Ce sont les travaux du préfet Hausmann qui, sous le Second Empire (1851-1870), ont donné à Paris la physionomie qu’elle présente encore aujourd’hui avec ses grands boulevards et ses immeubles cossus. Mais au tout début du XIXe siècle, Paris est déjà en pleine mutation : la confiscation des biens de l’Église durant la Révolution donne lieu à des spéculations immobilières sans précédent. On assiste, principalement sous l’Empire, à la destruction massive des bâtiments conventuels et des églises, qui s’accompagne de la disparition progressive des habitations médiévales ou renaissance qui formaient alors le vieux Paris. L’enrichissement de la population accélère cette évolution qui frappe les contemporains : les uns déplorent la disparition massive des traces du passé; d’autres relèvent la gêne causée par les chantiers qui envahissent la ville.

« Au milieu de la rue Saint-Denis, presque au coin de la rue du Petit-Lion, existait naguère une de ces maisons précieuses qui donnent aux historiens la facilité de reconstruire par analogie l’ancien Paris.

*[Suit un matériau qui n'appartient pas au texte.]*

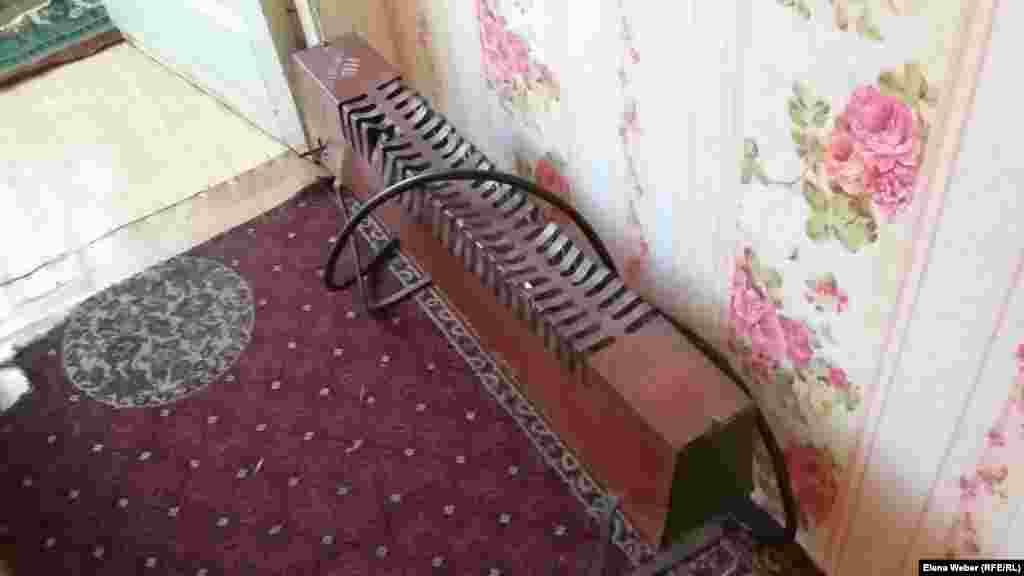 Некоторые жители многоэтажных домов района Правый берег впустили в свои квартиры репортера Азаттыка и показали, чем они обогреваются. Кто-то использует в квартире самодельный обогреватель, работающий от электричества, кто-то топит печку-буржуйку. Заводские обогреватели, говорят жители, от холода не спасают. Из-за отсутствия центрального отопления и использования электроприборов для обогрева людям приходится платить около 25-30 тысяч тенге ежемесячно только за электроэнергию.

Les murs menaçants de cette bicoque semblaient avoir été bariolés d’hiéroglyphes. Quel autre nom le flâneur pouvait-il donner aux X et aux V que traçaient sur la façade les pièces de bois transversales ou diagonales dessinées dans le badigeon par de petites lézardes parallèles ? Évidemment, au passage de toutes les voitures, chacune de ces solives s’agitait dans sa mortaise. Ce vénérable édifice était surmonté d’un toit triangulaire dont aucun modèle ne se verra bientôt plus à Paris. Cette couverture, tordue par les intempéries du climat parisien, s’avançait de trois pieds sur la rue, autant pour garantir des eaux pluviales le seuil de la porte, que pour abriter le mur d’un grenier et sa lucarne sans appui. Ce dernier étage était construit en planches clouées l’une sur l’autre comme des ardoises, afin sans doute de ne pas charger cette frêle maison. »

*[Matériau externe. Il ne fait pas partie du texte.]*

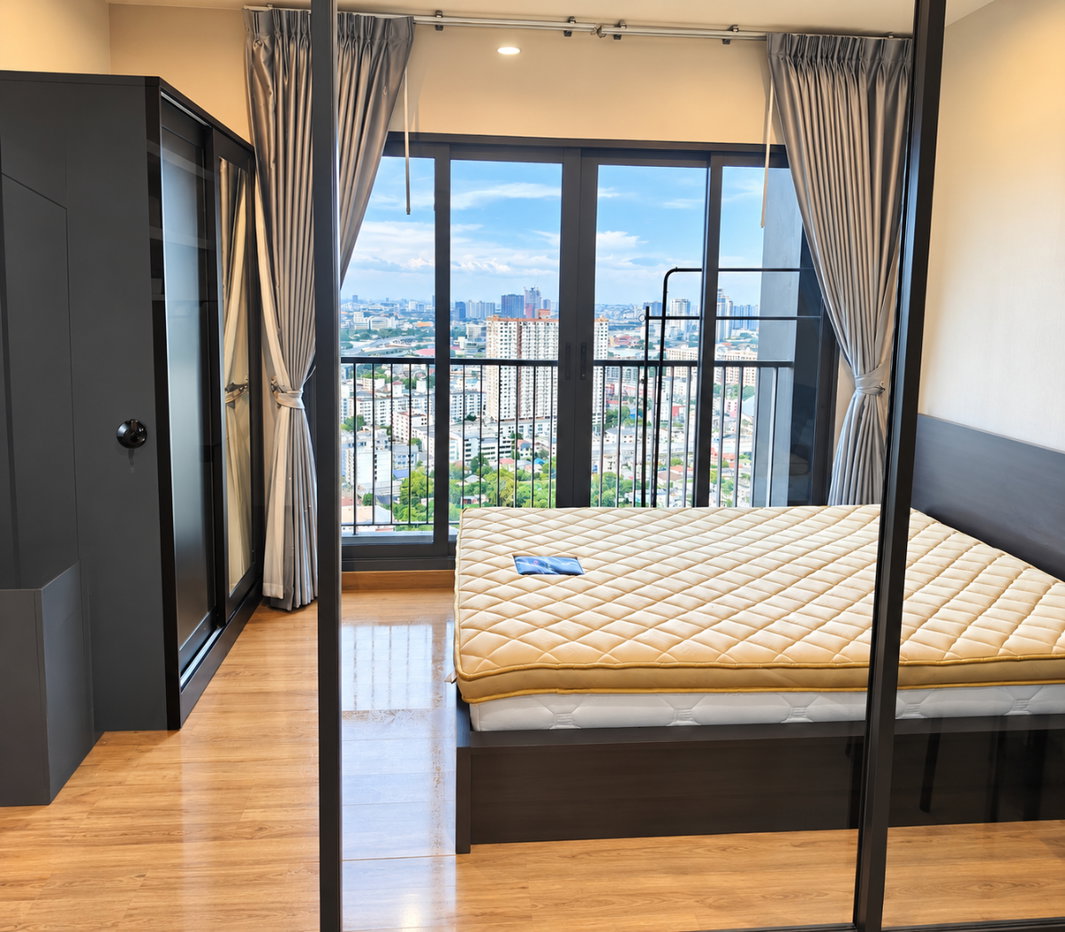 picture 📍 Condo for Rent – Next to MRT Bang Aor - 2/15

Balzac, La Maison du chat qui pelote, 1830

« Encore quelques jours, et les piliers des Halles auront disparu, le vieux Paris n’existera plus que dans les ouvrages des romanciers assez courageux pour décrire fidèlement les derniers vestiges de l’architecture de nos pères ; car, de ces choses, l’historien grave tient peu de compte. […] Les vieux piliers des Halles ont été la rue de Rivoli du quinzième siècle, et l’orgueil de la paroisse Saint-Eustache. C’était l’architecture des îles Marquises : trois arbres équarris posés debout sur un dé ; puis, à dix ou douze pieds du sol, des solives blanchies à la chaux faisant un vrai plancher du moyen âge. Au-dessus, un bâtiment en colombage, frêle, à pignon, quelquefois découpé comme un pourpoint espagnol. Une petite allée, à porte solide, longeait une boutique, arrivait à une cour carrée, un vrai puits qui éclairait un escalier de bois, à balustres, par lequel on montait aux deux ou trois étages supérieurs. Ce fut dans une maison de ce genre que naquit Molière ! A la honte de la ville, on a reconstruit une sale maison moderne en plâtre jaune, en supprimant les piliers. Aujourd’hui, les piliers des Halles sont un des cloaques de Paris. Ce n’est pas la seule des merveilles du temps passé que l’on voie disparaître. »

Balzac, Ce qui disparaît de Paris, 1845

Pierre-Antoine Demachy, Démolition de l’église Saint-Barthélemy dans l’île de la Cité, (Musée Carnavalet, Inv.P2367)
Hubert Robert, Démolition de l’église Saint-Jean-en-Grève en 1800, (Musée Carnavalet, Inv.P1510)

Très spectaculaires, les démolitions d’églises et de couvents bouleversent d’autant plus le tissu urbain qu’elles s’accompagnent de la création de nouvelles rues et de la construction d’immeubles modernes, transformant les repères traditionnels des Parisiens. Saint-Jean-en-Grève, église paroissiale jusqu’en 1793, se trouvait derrière l’hôtel de ville de Paris.